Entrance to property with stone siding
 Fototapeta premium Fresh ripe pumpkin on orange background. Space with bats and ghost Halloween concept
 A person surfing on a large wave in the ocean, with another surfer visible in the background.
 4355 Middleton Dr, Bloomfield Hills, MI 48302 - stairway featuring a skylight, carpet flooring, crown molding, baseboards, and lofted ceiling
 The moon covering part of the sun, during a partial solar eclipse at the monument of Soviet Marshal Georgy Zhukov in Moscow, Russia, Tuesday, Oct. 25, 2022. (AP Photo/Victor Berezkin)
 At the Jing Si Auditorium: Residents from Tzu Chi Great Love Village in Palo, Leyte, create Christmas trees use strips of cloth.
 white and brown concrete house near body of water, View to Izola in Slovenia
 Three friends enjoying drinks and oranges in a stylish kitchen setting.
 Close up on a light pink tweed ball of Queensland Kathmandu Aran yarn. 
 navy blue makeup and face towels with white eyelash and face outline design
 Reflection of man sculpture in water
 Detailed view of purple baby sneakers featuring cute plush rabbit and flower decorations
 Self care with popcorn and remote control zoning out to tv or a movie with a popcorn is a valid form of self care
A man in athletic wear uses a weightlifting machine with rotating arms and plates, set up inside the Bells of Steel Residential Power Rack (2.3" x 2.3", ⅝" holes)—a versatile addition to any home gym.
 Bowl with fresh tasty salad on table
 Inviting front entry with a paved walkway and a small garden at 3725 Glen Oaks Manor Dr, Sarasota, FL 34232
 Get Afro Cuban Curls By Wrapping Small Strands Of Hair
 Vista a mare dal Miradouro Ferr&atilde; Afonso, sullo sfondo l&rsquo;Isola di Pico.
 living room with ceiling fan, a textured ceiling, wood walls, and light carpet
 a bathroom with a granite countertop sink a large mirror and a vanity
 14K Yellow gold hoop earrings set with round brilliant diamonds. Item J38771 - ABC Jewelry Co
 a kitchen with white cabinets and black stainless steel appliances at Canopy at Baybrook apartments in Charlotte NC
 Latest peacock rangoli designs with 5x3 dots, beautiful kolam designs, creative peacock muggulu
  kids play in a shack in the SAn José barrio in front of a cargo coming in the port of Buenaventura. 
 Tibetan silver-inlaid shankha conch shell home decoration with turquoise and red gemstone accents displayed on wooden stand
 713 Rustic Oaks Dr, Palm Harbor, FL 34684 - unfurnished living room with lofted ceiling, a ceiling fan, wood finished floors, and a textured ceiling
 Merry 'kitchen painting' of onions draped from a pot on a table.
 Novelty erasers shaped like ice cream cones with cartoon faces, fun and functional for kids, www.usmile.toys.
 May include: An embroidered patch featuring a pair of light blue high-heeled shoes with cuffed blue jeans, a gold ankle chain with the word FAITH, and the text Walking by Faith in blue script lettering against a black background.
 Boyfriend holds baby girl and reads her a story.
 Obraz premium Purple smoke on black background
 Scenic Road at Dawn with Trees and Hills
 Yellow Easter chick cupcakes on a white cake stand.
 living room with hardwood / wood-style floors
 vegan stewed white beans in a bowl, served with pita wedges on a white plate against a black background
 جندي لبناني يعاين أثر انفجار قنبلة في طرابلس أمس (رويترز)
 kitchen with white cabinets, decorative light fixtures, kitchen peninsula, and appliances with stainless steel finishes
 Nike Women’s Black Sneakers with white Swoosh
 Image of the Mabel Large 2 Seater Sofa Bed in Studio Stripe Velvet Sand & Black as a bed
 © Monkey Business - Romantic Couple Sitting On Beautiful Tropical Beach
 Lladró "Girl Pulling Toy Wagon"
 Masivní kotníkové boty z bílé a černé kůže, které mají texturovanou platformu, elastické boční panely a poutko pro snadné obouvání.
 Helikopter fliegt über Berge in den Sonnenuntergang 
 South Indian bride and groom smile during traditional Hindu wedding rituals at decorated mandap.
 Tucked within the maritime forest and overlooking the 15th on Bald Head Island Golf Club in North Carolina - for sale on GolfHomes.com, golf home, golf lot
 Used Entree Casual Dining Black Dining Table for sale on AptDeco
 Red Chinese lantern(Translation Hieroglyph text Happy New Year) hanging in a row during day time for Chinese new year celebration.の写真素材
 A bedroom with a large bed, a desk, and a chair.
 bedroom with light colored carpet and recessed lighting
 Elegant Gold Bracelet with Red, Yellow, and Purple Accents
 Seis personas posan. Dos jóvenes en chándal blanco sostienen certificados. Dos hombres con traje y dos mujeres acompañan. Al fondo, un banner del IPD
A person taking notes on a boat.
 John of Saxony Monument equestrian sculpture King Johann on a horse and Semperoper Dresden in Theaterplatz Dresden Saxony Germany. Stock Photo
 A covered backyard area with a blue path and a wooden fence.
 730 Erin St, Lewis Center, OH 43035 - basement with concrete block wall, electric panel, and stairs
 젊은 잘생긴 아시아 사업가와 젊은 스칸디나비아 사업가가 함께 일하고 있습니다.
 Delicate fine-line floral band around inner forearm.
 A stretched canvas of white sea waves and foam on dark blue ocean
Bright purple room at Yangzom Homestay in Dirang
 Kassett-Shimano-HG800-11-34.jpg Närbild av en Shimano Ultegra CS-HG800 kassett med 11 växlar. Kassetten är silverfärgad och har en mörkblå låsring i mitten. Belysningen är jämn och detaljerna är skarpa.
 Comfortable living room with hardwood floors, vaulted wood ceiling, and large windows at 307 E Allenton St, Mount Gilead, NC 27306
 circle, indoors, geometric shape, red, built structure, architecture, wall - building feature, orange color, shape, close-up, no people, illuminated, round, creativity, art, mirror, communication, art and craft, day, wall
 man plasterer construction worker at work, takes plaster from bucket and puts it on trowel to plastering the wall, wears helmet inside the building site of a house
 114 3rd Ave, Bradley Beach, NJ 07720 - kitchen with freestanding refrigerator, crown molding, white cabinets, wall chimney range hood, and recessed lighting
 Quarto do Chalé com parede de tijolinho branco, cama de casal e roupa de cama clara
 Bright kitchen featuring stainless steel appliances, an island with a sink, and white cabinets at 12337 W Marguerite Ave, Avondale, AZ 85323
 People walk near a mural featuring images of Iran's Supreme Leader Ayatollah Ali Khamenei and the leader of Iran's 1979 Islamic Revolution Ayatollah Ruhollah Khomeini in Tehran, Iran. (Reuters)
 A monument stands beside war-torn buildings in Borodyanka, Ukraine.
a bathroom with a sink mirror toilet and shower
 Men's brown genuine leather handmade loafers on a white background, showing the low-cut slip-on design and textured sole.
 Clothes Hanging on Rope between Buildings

> Try it
Each line above from the one with "Scenic Road at Dawn with Trees and Hills" up to and including the one with "South Indian bride" must be set down exactly, and no line outside that span may appear.

> Exercise response
 Scenic Road at Dawn with Trees and Hills
 Yellow Easter chick cupcakes on a white cake stand.
 living room with hardwood / wood-style floors
 vegan stewed white beans in a bowl, served with pita wedges on a white plate against a black background
 جندي لبناني يعاين أثر انفجار قنبلة في طرابلس أمس (رويترز)
 kitchen with white cabinets, decorative light fixtures, kitchen peninsula, and appliances with stainless steel finishes
 Nike Women’s Black Sneakers with white Swoosh
 Image of the Mabel Large 2 Seater Sofa Bed in Studio Stripe Velvet Sand & Black as a bed
 © Monkey Business - Romantic Couple Sitting On Beautiful Tropical Beach
 Lladró "Girl Pulling Toy Wagon"
 Masivní kotníkové boty z bílé a černé kůže, které mají texturovanou platformu, elastické boční panely a poutko pro snadné obouvání.
 Helikopter fliegt über Berge in den Sonnenuntergang 
 South Indian bride and groom smile during traditional Hindu wedding rituals at decorated mandap.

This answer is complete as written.